The problem seems to be occurring somewhere inside libc! A system call trace ends with:
Connecting to server smtp.org.com on port 25
write(1, "C o n n e c t i n g t o s e ".., 51) .......................... = 51
open("/etc/nsswitch.conf", O_RDONLY, 0666) ............................... [entry]
open("/etc/nsswitch.conf", O_RDONLY, 0666) ................................... = 5
Received signal 11, SIGSEGV, in user mode, [SIG_DFL], partial siginfo
Siginfo: si_code: I_NONEXIST, faulting address: 0x400118fc, si_errno: 0
PC: 0xc01980eb, instruction: 0x0d3f1280
exit(11) [implicit] ............................ WIFSIGNALED(SIGSEGV)|WCOREDUMP
Last instruction by the program:
struct hostent *him;
him = gethostbyname(name); // name == "smtp.org.com" as shown by gdb
Is this a problem with the system, or am I missing something?
Any guidance for digging deeper would be appreciated.
Thx.

Long story short: vsnprintf corrupted my heap under HP-UX 11.11.
vsnprintf was introduced in C99 (ISO/IEC 9899:1999) and "is equivalent to snprintf, with the variable argument list" (§7.19.6.12.2), snprintf (§7.19.6.5.2): "If n is zero, nothing is written".
Well, HP UX 11.11 doesn't comply with this specification.

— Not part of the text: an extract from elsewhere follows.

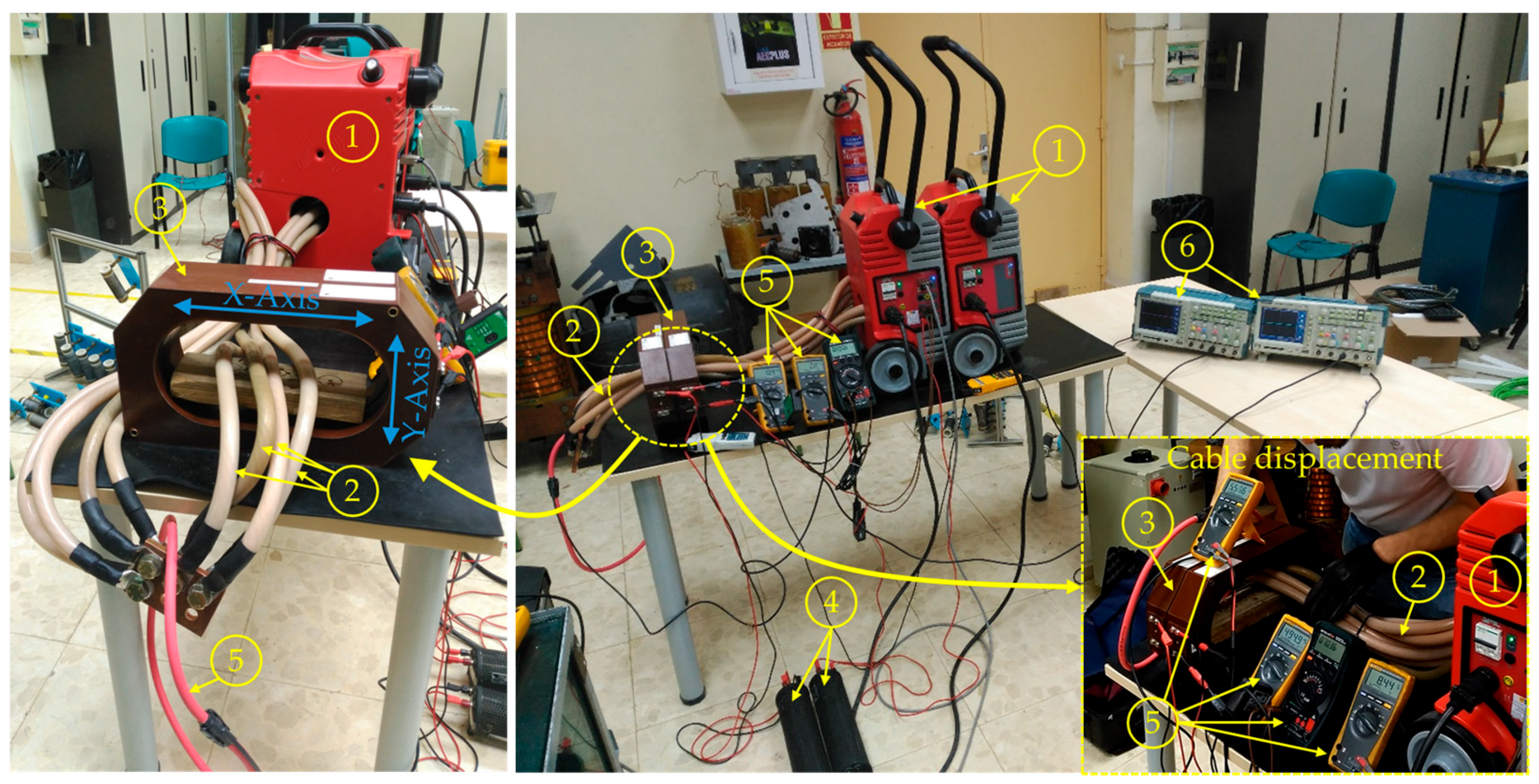 Sensors 24 05524 g010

When 2nd arg == 0, arguments are written at the end of the 1st arg.. which, of course, corrupts the heap (I allocate no space when maxsize==0, given that nothing should be written).
HP manual pages are unclear ("It is the user's responsibility to ensure that enough storage is available."), nothing is said regarding the case of maxsize==0. Nice trap.. at the very least, the WARNINGS section of the man page should warn std-compliant users..
It's an egg/chicken pb: vnsprintf is variadic, so for the "user's responsibility" to ensure that enough storage is available" the "user's responsibility" must first know how much space is needed. And the best way to do that is to call vnsprintf with 2nd arg == 0: it should then return the amount of space required and sprintfs nothing.. well, except HP's !
One solution to use vnsprintf under this std violation to determine needed space: malloc 1 byte more to your buffer (1st arg) and call vnsprintf(buf+buf.length,1,..). This only puts a \0 in the new byte you allocated. Silly, but effective. If you're under wchar conditions, malloc(sizeof..).
Anyway, workaround is trivial : never call v/snprintf under HP-UX with maxsize==0!
I now have a happy stable program!
Thanks to all contributers.
Heap corruption through vsnprintf under HP-UX B11.11
This program prints "##" under Linux/Cygwin/..
It prints "#fooo#" under HP-UX B11.11:
#include <stdarg.h>
#include <stdio.h>
const int S=2;
void f (const char *fmt, ...) {
va_list ap;
int actualLen=0;
char buf[S];
bzero(buf, S);
va_start(ap, fmt);
actualLen = vsnprintf(buf, 0, fmt, ap);
va_end(ap);
printf("#%s#\n", buf);
}
int main () {
f("%s", "fooo");
return 0;
}

Whenever this situation happens to me (unexpected segfault in a system lib), it is usually because I did something foolish somewhere else, i.e. buffer overrun, double delete on a pointer, etc.
In those instances where my mistake is not obvious, I use valgrind. Something like the following is usually sufficient:
valgrind -v --leak-check=yes --show-reachable=yes ./myprog
I assume valgrind may be used in HP-UX...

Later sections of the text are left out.